Hanum mengusap bahu Neisya mencoba menenangkan.
"Bukan dia yang menghancurkan hidupnya, tapi aku yang menghancurkan hidup wanita itu. Termasuk hidup Kakakku."
"Ada apa, Neisya?"
Hanum menggeser bola matanya. Neisya membalikkan badan. Lantas secepat mungkin menyeka air matanya.
"Ah! Tidak ada apa-apa." Neisya menguntai senyum.
Laki-laki berkaca mata dengan setelan jas kantor itu menyipitkan mata penuh selidik.
"Kau menyalahkan dirimu lagi?!"putusnya. Apalagi yang bisa membuat perempuan seriang Neisya bisa menangis mendadak, jika bukan karena kejadian dua tahun lalu.
Neisya berusaha menepis anggapan Reyhan. Ia menggeleng. Melingkarkan tangannya di lengan lelaki itu, berlaku manja kemudian.

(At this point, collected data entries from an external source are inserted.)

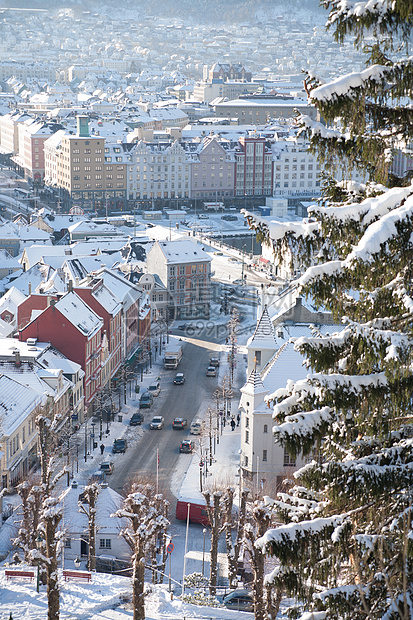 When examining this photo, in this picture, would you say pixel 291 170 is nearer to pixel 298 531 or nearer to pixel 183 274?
pixel 183 274

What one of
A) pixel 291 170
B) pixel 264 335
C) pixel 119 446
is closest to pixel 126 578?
pixel 119 446

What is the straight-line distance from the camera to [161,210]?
126062mm

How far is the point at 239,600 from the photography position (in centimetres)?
2950

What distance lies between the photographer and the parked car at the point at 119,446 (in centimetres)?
4478

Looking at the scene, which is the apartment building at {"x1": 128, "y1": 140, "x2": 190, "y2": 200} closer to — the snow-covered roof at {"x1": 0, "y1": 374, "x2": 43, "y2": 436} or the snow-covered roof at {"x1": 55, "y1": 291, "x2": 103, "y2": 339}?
the snow-covered roof at {"x1": 55, "y1": 291, "x2": 103, "y2": 339}

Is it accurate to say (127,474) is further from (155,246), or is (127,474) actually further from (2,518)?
(155,246)

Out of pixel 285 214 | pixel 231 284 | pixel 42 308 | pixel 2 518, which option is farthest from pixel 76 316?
pixel 285 214

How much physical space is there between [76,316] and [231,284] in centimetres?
3518

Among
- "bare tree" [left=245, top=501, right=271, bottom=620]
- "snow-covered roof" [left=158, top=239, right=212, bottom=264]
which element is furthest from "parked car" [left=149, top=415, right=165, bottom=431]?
"snow-covered roof" [left=158, top=239, right=212, bottom=264]

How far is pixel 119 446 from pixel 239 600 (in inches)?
645

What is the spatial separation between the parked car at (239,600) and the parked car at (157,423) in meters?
19.0

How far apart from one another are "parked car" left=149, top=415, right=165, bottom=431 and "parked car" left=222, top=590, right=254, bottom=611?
62.4 ft

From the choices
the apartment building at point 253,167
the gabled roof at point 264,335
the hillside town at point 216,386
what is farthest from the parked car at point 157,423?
the apartment building at point 253,167

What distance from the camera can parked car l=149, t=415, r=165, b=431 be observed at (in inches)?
1903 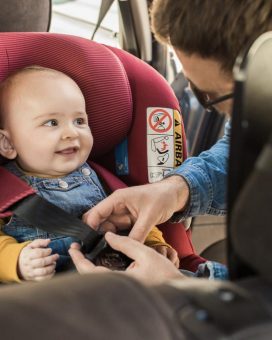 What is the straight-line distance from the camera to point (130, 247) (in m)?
1.24

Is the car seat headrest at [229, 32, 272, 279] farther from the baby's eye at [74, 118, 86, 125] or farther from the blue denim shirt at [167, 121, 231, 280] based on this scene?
the baby's eye at [74, 118, 86, 125]

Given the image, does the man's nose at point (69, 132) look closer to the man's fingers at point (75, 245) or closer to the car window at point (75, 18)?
the man's fingers at point (75, 245)

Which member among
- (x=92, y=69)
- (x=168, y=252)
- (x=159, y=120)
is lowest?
(x=168, y=252)

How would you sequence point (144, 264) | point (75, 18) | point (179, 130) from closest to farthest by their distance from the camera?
point (144, 264) < point (179, 130) < point (75, 18)

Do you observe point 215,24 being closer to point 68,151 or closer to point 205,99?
point 205,99

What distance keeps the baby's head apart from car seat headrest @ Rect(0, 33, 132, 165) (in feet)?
0.14

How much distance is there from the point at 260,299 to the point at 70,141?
1.06 metres

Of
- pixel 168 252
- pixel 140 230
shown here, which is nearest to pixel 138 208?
pixel 140 230

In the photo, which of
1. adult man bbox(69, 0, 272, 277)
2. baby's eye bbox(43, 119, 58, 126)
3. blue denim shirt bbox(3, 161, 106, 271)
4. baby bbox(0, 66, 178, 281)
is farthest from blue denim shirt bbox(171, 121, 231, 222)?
baby's eye bbox(43, 119, 58, 126)

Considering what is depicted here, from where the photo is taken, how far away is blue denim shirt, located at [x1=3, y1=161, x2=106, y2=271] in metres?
1.53

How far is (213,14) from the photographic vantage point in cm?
107

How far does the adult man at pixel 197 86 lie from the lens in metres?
1.06

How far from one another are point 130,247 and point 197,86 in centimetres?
36

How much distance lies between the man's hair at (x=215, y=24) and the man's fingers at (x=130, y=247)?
1.27ft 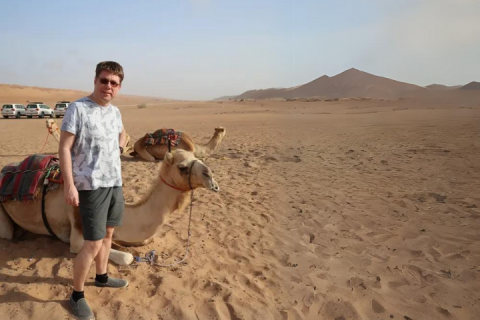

"Apa yang menyebabkan suamiku ini repot-repot datang kemari di tengah jam kerjanya yang sibuk?" Neisya mencoba mengalihkan pembicaraan.
"Piknik keluarga. Jika aku tidak datang. Bisa-bisa ayah mencoret namaku dari daftar menantunya."
"Memang ayah punya berapa menantu?"
Reyhan menarik-narik kerah jasnya congkak. Neisya dan Hanum terkekeh kecil.
"Jangan masuk dulu Kak Reyhan. Di dalam sedang ada perang dunia kelima," terang Hanum.
Dahi laki-laki itu membentuk lipatan. Matanya memicing. Tatapannya di arahkan pada Hanum dan Neisya bergantian.
"Bukan Ayah dan Bundaku. Ayah dan Bundaku baik-baik saja. Mereka masuk ke dalam baru saja."
"Ayah dan Ibu?" tanya Rayhan. Sorot matanya tertuju pada Neisya yang langsung di balas dengan anggukan kepala.
"Tumben?"
"Aku mengadukan pada Ibu kalau ayah akan menonton konser Black Pink."
Rayhan terdiam. Sejurus kemudian tertawa terbahak-bahak.
"Kasihan, Ayah. Apa salahnya kalau ayah nonton konser. Biarkan saja. Setiap hari ayah harus di sibukkan dengan jibunan berkas kerja. Sekali-kali ayah berhak refresing, Sya."
"Semua laki-laki sama saja. Tidak ada bedanya."
Rayhan mencubit hidung Nesya. "Tidak sama. Karena aku tidak akan tertarik pada perempuan lain selain dirimu."
Nesya tersipu malu. Hanum berdehem tak nyaman.
"Permisi. Di sini ada anak di bawah umur. Mohon jangan cinta cintaan di tempat umum."
"Makanya nikah, Num," ledek Rayhan.
"Eh! Kak Reyhan jangan salah. Setelah lulus kuliah Hanum langsung nikah."
"Sama siapa?"
"Sama Kak Jagat," candanya.
"Jangan ngawur!" sergap Neisya.
Hanum tersenyum kecut. Jagat? Apakah bisa? Tampaknya itu akan jadi hayalannya saja.